Les méthodes de scoring représentent une nouvelle approche pour essayer d’orienter les consommateurs dans leurs choix alimentaires néanmoins leur pouvoir transformationnel sur l’industrie agro-alimentaire semble relativement limité, du fait d’un risque accru de contournement. Dans un objectif de transformation du système, il est indispensable que les politiques publiques continuent de soutenir des communautés d’acteurs qui partagent un référentiel commun et continuent de faire progresser les normes.

 Proposition n°4 : S’assurer que le futur affichage environnemental valorise tous les bénéfices de l’agriculture biologique.

 Proposition n° 5: S’assurer que l’évolution du nutriscore prenne en compte le degré d’ultra-transformation des produits et pas uniquement la dimension nutritionnelle

Renforcer la sensibilisation et l’éducation à l’alimentation biologique et à l’équilibre alimentaire

Bien qu’insuffisantes à elles seules, les mesures incitatives et éducatives sont indispensables pour accompagner les consommateurs dans la transition de leurs régimes alimentaires.

Selon un rapport2 du Sénat publié en 2022, le consommateur n’utilise en moyenne que 75 secondes pour raisonner son acte d’achat alimentaire. Un laps de temps qui semble très limité pour faire le tri entre le prix, les labels et plusieurs notes de nutri-score ou d’affichage environnemental. De plus, cette approche par le produit ne permet pas d’accompagner le consommateur vers un équilibre global de son alimentation tant d’un point de vue nutritionnel que environnemental.

La multiplication des informations produits doit donc s’accompagner d’un renforcement de l’information et de l’éducation à l’alimentation durable, dans laquelle l’agriculture biologique occupe une place centrale.

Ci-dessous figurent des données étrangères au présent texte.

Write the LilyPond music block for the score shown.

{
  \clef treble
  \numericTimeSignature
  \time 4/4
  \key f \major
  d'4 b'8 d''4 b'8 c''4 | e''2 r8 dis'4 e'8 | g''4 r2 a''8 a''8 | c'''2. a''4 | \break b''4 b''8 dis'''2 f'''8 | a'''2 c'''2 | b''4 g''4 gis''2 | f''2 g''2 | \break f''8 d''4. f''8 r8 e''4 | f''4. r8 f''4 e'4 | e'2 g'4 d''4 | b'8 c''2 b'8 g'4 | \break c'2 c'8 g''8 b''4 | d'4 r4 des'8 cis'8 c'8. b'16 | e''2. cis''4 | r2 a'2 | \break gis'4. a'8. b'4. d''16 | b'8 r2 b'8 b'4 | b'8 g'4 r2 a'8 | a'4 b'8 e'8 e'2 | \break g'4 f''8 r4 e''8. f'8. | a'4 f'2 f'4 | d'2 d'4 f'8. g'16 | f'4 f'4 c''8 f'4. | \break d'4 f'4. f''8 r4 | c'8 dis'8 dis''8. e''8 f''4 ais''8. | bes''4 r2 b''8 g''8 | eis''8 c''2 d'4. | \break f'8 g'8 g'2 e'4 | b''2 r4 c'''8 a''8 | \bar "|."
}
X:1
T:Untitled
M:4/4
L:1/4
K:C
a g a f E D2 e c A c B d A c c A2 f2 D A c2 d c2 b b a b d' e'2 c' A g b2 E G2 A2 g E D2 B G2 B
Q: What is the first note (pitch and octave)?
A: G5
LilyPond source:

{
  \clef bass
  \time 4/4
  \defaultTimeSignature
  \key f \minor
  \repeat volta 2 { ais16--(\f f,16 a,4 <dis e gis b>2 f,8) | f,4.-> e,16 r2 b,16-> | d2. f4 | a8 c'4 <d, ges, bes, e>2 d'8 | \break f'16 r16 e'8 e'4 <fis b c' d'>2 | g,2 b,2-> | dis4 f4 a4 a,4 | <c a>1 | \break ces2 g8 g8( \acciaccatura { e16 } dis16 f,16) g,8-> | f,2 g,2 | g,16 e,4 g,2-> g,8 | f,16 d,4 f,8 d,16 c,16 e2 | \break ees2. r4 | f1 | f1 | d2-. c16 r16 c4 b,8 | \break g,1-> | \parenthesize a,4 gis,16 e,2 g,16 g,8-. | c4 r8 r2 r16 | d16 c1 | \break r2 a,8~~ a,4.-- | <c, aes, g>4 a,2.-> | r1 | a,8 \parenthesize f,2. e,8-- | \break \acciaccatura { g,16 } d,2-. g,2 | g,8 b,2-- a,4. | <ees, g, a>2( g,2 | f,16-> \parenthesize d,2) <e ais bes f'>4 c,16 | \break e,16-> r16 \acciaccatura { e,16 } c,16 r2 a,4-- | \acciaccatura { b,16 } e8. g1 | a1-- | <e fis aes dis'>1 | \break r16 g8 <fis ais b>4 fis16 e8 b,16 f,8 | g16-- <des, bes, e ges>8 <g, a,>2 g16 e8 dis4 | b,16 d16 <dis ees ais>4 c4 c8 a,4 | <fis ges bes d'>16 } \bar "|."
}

● Proposition n°6 : Amplifier les campagnes de communication, notamment sur l’agriculture biologique, et le déploiement des outils du PNNS, en augmentant les financements des ministères, de Santé publique France, des services déconcentrés de l’État, des collectivités territoriales et des associations.

● Proposition n°7 : Renforcer la place de l’alimentation saine et durable, et en priorité de l’alimentation biologique, dans les cursus scolaires et la formation des professionnels de santé et du secteur agricole.

● Proposition n°8 : Fournir les outils et les moyens économiques aux établissements scolaires pour transmettre les repères du PNNS et sensibiliser à l’alimentation saine et durable, et en priorité l’alimentation biologique.